Paul Ryan skiing in the 1961 Roch Cup in Aspen. The filmmaker will present three of his classic ski racing movies Thursday night at the Wheeler Opera House.
Courtesy photo |

If You Go …

What: Paul Ryan’s ‘Ski Racer,’ ‘Karli’ and ‘One for the Money,’ presented by the Bob Beattie Ski Foundation

Where: Wheeler Opera House

When: Thursday, March 16, 5:30 p.m.

How much: Free

More info: A filmmaker Q&A and reception will follow; http://www.wheeleroperahouse.com

Before going on to a decades-long career working on cinematography for some of the most visually sumptuous feature films of our time, Paul Ryan was ski racing’s auteur.

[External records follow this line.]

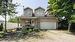 View of the house from the east side. Oversized garage and front addition completed in 2002-2005.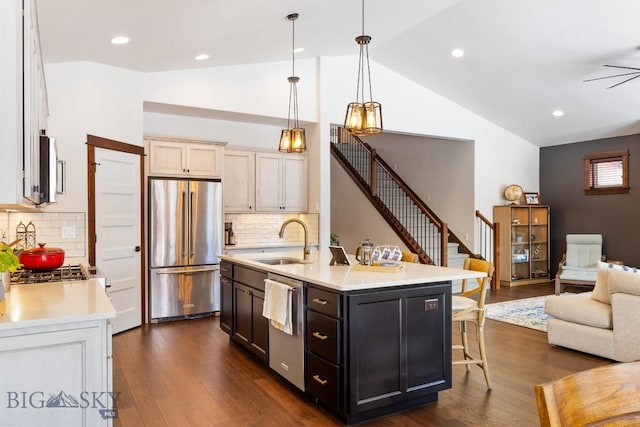 kitchen with dark wood-style floors, light countertops, appliances with stainless steel finishes, and a sink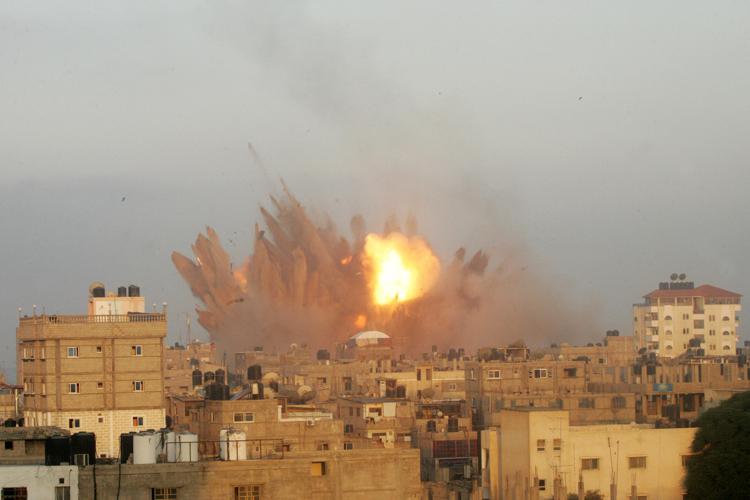 A ball of fire is seen following an Israeli air strike in Rafah in the southern Gaza on July 11, 2014. UPI/Ismael Mohamad - Infophoto - INFOPHOTO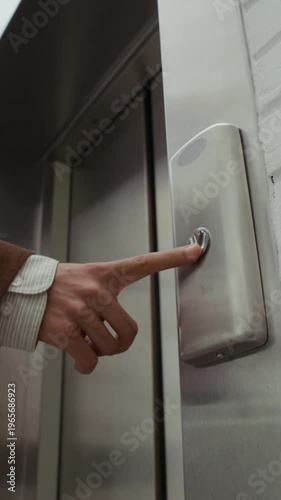 Vertical shot of young male office worker with dreaded hair wearing suit pressing elevator button and entering cabin in modern business center
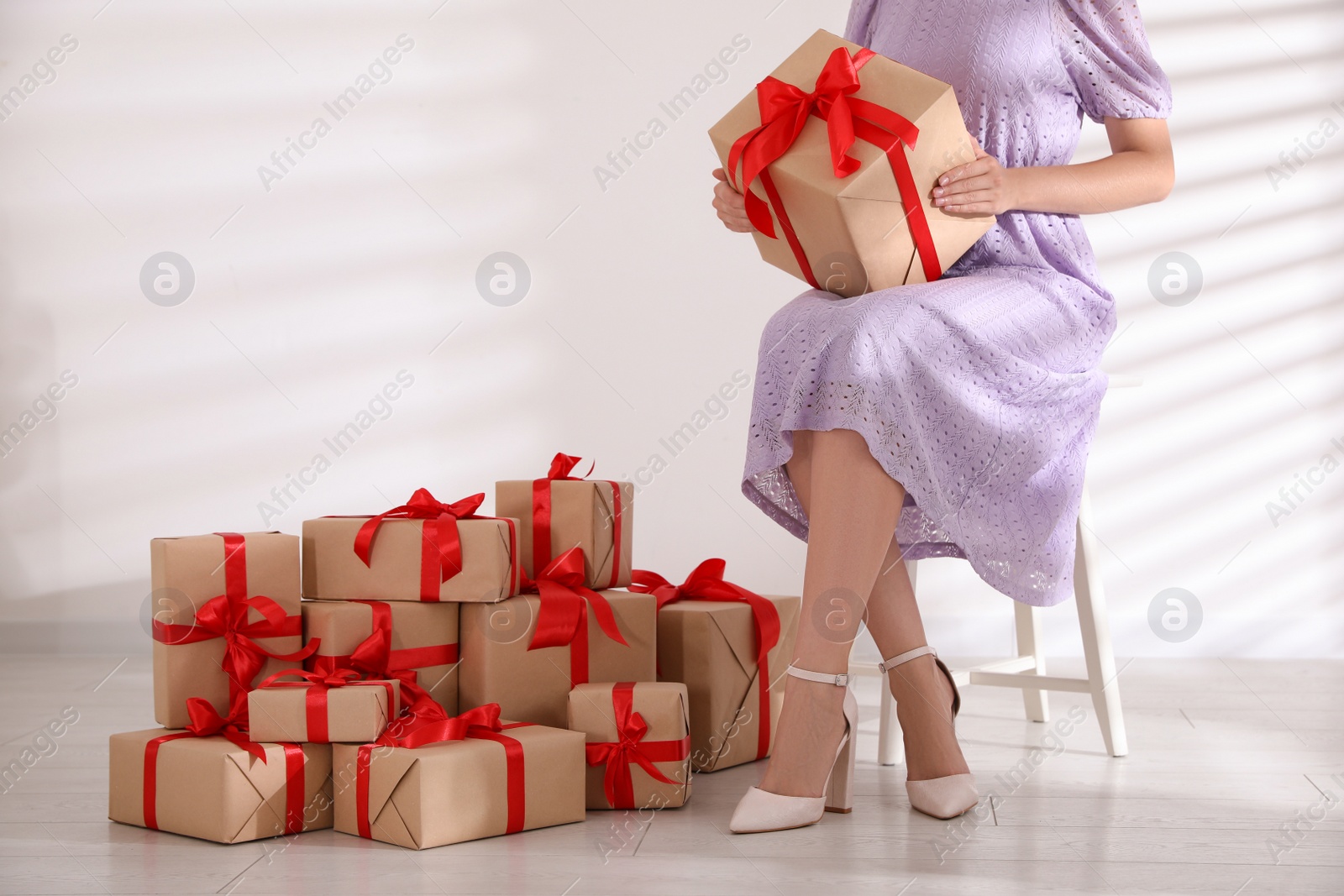 Photo of Woman with gift boxes sitting on stool, closeup. Black Friday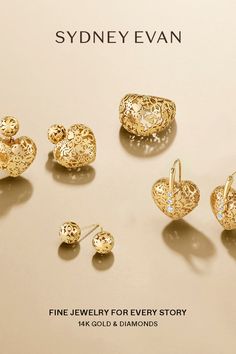 Collection of gold and diamond jewelry including earrings and a ring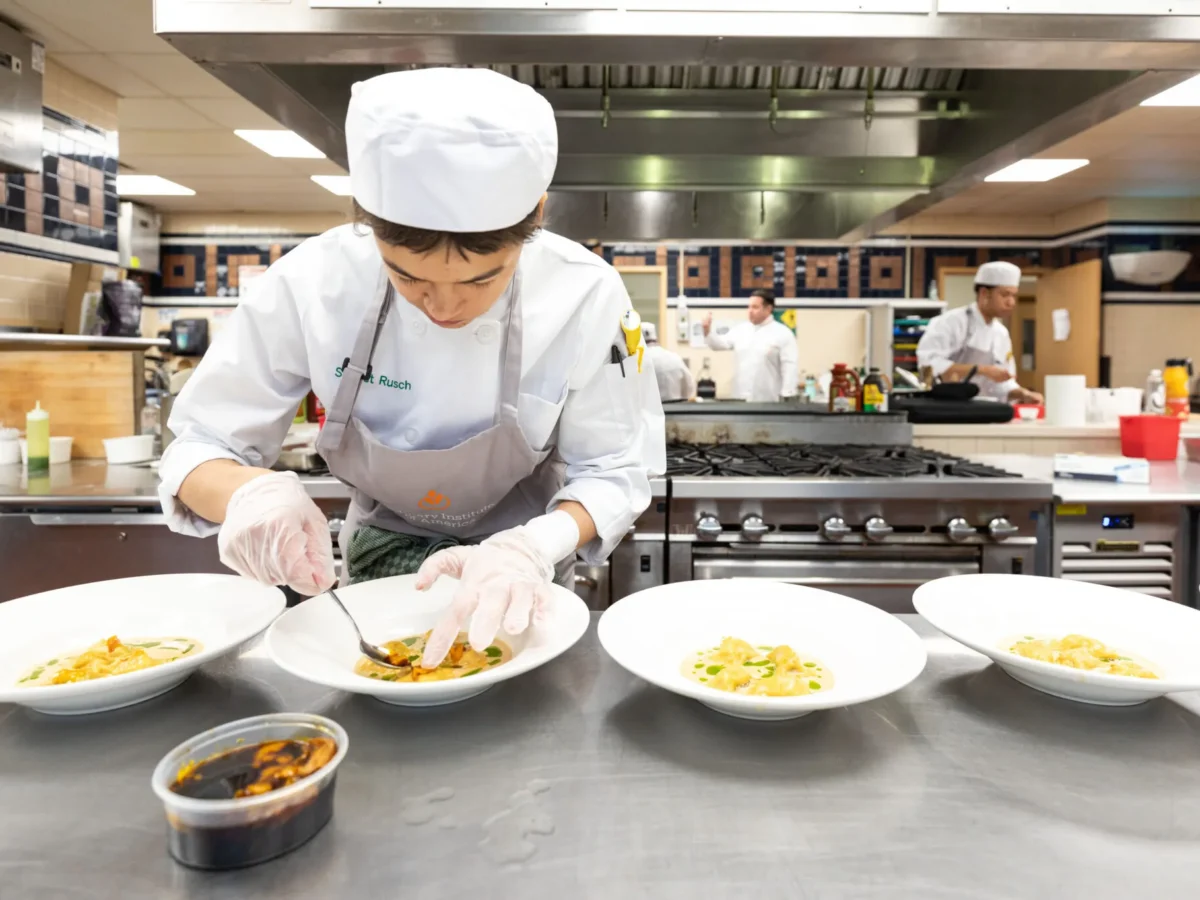 A chef in a white uniform and hat carefully plates pasta dishes in a commercial kitchen, with three other chefs working in the background.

As an ambitious kid, fresh out of film school and racing himself while based out of Aspen in the late 1960s, Ryan made innovative and influential movies about the fast-paced world of downhillers.

Ryan is back in town this week for the World Cup Finals. The Wheeler Opera House is hosting a free screening three of his racing films Thursday night. Ryan will introduce the movies before seeing them on the big screen for the first time in decades.



“I haven’t seen them like that in a long time,” Ryan said in a recent interview.

His “Ski Racer,” a non-narrative chronicle of the 1968-69 World Cup season, is an impressionistic portrait set to a rock soundtrack — with music by the Grateful Dead, Steve Miller Band, Mike Bloomfield and others — that captures the vibrant ski culture of the day in a cinema verité style.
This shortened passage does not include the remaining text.